Si vous voulez mon avis, la fiscalité et le pouvoir d’achat ne sont pas les seuls facteurs à jouer dans cette histoire. Comme je l’écrivais dans d’autres colonnes :
« Ces chiffres illustrent à quel point une crise monétaire est traumatisante […] Nos voisins allemands et autrichiens ont en effet gardé une certaine appétence pour l’or, tant ‘les horreurs de l’hyperinflation de 1923 (Allemagne) et 1924 (Autriche) font encore partie de la mémoire collective’, comme le rappelaient S&V dans le rapport IGWT 2020. »
Voilà sans doute de quoi expliquer pourquoi « l’Autriche n’a pas d’égal lorsqu’il s’agit de la manipulation (handling) et du stockage de l’or en toute sécurité.

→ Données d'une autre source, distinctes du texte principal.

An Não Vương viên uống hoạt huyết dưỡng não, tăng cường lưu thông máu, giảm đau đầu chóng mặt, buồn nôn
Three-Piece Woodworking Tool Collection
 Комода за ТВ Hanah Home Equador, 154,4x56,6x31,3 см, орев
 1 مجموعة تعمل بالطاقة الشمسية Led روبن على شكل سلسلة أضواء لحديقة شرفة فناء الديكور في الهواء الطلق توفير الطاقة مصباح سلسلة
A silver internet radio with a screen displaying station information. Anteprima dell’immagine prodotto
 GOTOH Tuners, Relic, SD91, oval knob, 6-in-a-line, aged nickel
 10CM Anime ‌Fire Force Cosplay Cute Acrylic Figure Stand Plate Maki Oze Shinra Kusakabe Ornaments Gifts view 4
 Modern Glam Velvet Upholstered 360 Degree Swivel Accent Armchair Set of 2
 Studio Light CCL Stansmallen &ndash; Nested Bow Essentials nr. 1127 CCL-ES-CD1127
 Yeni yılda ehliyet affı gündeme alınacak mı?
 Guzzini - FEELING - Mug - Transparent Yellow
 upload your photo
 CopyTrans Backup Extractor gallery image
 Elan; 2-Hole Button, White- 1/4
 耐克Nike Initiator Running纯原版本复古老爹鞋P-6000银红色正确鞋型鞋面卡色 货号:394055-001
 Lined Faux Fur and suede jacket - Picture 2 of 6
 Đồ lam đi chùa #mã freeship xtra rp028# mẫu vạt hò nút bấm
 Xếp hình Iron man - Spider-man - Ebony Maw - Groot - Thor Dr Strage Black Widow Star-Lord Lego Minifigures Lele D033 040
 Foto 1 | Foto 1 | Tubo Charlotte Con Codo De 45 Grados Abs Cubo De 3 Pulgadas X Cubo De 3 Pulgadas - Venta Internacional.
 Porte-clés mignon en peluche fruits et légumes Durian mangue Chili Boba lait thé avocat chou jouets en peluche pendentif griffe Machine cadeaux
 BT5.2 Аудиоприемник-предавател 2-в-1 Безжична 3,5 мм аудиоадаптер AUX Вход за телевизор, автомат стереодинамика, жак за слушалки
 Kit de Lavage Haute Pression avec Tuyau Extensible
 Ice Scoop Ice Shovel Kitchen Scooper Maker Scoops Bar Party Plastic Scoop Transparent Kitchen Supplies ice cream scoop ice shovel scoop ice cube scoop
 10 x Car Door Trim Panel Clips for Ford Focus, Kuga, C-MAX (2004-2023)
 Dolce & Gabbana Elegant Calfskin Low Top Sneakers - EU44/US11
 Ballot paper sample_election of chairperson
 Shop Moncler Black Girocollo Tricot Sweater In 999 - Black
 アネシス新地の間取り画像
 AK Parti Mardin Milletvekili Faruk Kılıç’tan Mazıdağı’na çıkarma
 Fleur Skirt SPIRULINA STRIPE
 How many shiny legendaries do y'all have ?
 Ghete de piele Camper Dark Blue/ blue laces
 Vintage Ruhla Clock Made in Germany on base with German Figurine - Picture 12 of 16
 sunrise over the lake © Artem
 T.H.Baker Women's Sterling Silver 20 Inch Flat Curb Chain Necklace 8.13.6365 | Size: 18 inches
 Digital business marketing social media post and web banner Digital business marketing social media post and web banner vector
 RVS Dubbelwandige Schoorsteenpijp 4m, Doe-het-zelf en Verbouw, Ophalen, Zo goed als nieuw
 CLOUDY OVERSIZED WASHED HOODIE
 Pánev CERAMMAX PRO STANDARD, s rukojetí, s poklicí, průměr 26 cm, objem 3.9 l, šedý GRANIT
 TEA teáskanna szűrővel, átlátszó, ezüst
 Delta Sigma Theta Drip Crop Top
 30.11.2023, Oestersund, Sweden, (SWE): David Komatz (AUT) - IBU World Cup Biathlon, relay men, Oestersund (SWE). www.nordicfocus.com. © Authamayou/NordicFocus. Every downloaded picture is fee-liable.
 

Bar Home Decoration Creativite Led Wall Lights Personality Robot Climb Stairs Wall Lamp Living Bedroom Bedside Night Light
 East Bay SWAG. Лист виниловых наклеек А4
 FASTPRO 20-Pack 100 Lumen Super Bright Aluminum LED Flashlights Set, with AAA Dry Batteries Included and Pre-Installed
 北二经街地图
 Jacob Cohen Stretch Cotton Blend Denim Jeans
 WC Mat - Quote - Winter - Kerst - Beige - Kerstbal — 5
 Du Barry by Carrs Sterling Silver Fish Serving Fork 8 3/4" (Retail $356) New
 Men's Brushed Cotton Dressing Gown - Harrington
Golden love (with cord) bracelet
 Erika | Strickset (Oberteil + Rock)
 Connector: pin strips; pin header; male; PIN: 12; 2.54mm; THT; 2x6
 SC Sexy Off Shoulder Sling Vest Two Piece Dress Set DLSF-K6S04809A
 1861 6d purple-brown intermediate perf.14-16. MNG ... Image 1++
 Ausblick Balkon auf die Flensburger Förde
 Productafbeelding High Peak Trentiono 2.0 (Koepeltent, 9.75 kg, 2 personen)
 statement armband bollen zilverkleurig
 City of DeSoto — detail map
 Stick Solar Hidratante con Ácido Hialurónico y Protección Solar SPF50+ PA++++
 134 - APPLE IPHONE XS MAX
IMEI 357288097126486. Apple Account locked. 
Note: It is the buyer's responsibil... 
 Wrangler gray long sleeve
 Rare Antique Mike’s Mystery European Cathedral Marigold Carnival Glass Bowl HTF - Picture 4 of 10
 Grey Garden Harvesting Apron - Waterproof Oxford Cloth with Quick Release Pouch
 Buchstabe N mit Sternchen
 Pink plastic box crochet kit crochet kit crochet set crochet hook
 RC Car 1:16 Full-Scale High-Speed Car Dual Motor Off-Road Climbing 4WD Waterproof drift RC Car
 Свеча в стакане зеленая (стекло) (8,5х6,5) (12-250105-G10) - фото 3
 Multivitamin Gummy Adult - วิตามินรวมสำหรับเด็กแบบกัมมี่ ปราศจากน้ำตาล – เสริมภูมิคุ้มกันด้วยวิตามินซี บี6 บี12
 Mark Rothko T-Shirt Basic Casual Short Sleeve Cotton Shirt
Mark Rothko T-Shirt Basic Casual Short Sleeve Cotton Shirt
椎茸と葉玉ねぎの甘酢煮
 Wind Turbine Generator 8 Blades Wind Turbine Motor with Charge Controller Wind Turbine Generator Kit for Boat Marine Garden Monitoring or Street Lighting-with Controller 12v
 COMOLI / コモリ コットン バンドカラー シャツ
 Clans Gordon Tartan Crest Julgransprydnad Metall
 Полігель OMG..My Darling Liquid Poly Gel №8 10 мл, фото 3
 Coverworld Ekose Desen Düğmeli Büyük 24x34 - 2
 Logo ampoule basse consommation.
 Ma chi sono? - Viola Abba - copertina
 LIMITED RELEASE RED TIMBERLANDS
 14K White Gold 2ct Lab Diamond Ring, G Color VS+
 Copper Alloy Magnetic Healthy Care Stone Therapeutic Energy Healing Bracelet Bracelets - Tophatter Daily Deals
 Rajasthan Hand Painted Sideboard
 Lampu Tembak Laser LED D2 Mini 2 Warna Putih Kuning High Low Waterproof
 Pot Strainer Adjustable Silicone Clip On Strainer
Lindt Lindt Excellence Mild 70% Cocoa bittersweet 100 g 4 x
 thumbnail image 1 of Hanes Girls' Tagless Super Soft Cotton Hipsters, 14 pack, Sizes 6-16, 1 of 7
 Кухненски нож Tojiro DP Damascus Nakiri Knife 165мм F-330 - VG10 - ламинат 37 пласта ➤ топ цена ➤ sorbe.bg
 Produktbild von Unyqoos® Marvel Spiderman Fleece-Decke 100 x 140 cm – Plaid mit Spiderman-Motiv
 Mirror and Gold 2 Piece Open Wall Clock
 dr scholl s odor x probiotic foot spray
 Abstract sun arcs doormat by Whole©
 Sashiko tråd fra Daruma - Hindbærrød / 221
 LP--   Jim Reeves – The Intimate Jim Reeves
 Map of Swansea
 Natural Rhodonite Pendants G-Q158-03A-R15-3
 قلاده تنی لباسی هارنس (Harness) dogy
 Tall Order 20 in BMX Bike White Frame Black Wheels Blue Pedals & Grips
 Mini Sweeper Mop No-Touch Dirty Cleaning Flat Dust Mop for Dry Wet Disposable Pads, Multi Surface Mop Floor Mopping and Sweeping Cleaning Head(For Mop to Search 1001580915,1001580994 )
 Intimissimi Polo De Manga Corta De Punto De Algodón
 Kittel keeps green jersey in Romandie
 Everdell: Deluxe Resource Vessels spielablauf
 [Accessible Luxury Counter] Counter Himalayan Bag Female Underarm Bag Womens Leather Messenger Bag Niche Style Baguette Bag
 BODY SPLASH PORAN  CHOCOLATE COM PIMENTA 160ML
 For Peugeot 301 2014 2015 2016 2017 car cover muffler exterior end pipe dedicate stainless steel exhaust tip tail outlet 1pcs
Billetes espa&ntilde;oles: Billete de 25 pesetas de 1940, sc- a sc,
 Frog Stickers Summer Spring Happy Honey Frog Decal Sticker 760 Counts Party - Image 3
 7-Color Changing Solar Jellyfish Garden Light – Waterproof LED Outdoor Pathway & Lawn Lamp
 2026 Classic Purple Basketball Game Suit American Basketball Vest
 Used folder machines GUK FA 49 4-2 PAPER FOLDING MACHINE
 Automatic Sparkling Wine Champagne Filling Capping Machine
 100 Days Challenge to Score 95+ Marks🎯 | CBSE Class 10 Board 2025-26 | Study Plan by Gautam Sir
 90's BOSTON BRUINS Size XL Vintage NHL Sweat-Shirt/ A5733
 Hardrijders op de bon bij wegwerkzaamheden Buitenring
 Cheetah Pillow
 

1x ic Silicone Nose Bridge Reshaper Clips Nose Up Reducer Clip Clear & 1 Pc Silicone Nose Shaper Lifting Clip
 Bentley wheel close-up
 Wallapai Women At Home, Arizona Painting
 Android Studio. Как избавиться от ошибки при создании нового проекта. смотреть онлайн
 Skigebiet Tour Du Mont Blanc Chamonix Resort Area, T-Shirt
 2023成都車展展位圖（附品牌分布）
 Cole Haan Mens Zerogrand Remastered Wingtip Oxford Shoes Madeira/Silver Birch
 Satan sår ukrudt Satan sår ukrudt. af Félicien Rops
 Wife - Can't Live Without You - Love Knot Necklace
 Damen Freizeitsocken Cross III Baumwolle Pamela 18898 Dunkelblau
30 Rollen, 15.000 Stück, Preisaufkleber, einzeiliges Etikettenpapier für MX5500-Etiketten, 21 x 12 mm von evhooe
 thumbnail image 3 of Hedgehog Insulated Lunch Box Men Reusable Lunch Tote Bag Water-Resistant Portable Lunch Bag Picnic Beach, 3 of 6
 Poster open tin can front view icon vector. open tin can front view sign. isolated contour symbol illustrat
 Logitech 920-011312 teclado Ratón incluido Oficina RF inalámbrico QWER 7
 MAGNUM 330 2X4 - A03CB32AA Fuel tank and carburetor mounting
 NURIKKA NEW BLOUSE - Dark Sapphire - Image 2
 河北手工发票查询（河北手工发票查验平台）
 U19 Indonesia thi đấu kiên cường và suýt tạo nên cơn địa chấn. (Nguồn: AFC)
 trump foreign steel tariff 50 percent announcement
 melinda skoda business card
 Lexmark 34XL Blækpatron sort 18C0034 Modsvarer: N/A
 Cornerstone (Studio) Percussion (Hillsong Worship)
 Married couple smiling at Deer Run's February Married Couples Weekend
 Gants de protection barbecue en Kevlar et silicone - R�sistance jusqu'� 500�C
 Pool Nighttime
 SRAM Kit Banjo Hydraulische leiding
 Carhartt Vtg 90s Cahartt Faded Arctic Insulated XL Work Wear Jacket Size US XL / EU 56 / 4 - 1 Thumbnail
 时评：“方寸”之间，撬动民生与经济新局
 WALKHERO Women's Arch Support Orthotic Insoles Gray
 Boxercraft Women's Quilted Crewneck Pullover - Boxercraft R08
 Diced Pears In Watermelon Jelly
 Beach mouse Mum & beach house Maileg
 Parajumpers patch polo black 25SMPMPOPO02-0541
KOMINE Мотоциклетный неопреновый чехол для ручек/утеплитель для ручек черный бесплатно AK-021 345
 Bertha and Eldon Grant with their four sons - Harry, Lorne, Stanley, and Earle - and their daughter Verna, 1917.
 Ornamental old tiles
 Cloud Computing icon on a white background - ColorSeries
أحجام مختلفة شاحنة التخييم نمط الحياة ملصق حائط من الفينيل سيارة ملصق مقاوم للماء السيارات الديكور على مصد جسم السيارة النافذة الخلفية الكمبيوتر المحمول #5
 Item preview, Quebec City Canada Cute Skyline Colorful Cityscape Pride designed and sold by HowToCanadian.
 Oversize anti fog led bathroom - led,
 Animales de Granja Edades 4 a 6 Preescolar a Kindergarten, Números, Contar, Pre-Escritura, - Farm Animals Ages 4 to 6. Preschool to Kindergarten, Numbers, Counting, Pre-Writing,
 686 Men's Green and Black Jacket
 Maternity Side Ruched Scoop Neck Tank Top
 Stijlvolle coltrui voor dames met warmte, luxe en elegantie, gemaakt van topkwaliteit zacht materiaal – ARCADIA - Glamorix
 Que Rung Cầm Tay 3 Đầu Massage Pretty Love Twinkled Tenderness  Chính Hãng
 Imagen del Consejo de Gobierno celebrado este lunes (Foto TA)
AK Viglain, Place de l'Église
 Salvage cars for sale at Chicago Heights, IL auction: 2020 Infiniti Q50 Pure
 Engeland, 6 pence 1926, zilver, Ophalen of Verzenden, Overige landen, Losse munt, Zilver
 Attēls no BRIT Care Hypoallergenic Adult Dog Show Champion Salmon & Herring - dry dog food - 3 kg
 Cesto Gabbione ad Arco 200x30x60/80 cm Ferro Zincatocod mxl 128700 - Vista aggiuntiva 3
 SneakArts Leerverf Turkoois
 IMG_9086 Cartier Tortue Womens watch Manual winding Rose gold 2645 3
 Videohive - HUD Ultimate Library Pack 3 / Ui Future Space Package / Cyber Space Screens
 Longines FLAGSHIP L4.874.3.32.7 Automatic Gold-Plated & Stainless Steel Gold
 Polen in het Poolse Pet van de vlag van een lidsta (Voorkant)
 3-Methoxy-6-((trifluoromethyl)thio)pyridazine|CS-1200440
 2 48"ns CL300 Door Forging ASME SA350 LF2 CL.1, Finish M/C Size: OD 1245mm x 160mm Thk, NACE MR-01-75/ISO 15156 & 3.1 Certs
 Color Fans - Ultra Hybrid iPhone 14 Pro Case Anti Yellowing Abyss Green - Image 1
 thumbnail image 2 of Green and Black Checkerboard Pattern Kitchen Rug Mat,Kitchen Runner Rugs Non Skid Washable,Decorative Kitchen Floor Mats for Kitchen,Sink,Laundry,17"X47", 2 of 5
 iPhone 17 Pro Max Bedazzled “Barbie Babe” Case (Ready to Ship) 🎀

Il existe de nombreux coffres-forts privés et services de coffres-forts anonymes, dont certains seulement proposent leurs services sur Internet », comme l’indiquent S&V dans la dernière édition de leur rapport.
S&V relèvent cependant un bémol qui a trait à la confidentialité des investissements :
« […] Depuis le 1er janvier 2021, les coffres-forts anonymes tombent sous coup de la juridiction nationale, conformément à la cinquième directive anti-blanchiment de l’UE. Un amendement de 2021 à la loi sur le registre des comptes et l’inspection des comptes (KontRegG) a rétroactivement ajouté à son registre tous les coffres-forts à compter du 1er janvier 2015.
Cependant, grâce au système juridique solide et éprouvé de l’Autriche, on peut supposer que le contournement du secret bancaire ne se fera que par décision judiciaire. »
Ma foi, croisons les doigts…
Et les deux Autrichiens de conclure :
« Dans l’ensemble, l’Autriche mérite sans aucun doute la réputation selon laquelle le pays est l’un des meilleurs endroits au monde pour le stockage d’or. »
« L’un des meilleurs endroits » seulement en effet, car le lecteur qui aurait lu les billets que j’ai consacrés au Liechtenstein et à la Suisse aurait tout à fait le droit de penser qu’il existe des solutions encore plus avantageuses pour stocker son or à quelques encablures de la France.
Voilà pour l’Europe.
Je vous propose maintenant de profiter de l’été pour changer de continent…
Zoom sur les Etats-Unis : une solution « moyenne » réservée aux Américains
A l’époque où je rédigeais mon livre (2012-2013), je n’avais pas retenu les Etats-Unis dans la liste des pays que je recommandais pour stocker ses métaux précieux.
Les raisons de ce choix étaient assez évidentes : il s’agissait de l’épicentre de la dernière Grande crise financière et l’Etat fédéral n’avait depuis lors jamais cessé d’accroître son niveau d’endettement (à l’instar en particulier des entreprises non-financières), sans compter le très mauvais souvenir qu’a laissé la réquisition de l’or des Américains par le président Roosevelt en 1933, et l’interdiction consécutive pour les citoyens américains de posséder de l’or physique jusqu’en 1975.
Bref, autant vous dire que j’ai été surpris de voir le pays de l’Oncle Sam figurer au menu des destinations où stocker son métal jaune dans la dernière édition du rapport IGWT.
Spoiler : S&V ne disent pas que du bien des Etats-Unis, mais ils remettent un certain nombre de pendules à l’heure.
Les deux Autrichiens commencent par rappeler que le succès américain repose sur sa Constitution de 1787, laquelle « consacre les libertés individuelles et limite les pouvoirs du gouvernement », soulignent S&V.
Le contrat social américain a en effet joué un rôle majeur dans le fait que les Etats-Unis sont devenus une nation bardée de superlatifs : « elle possède la plus grande économie au monde, elle domine la recherche scientifique et elle est, de loin, la première puissance militaire au monde », comme le rappellent S&V.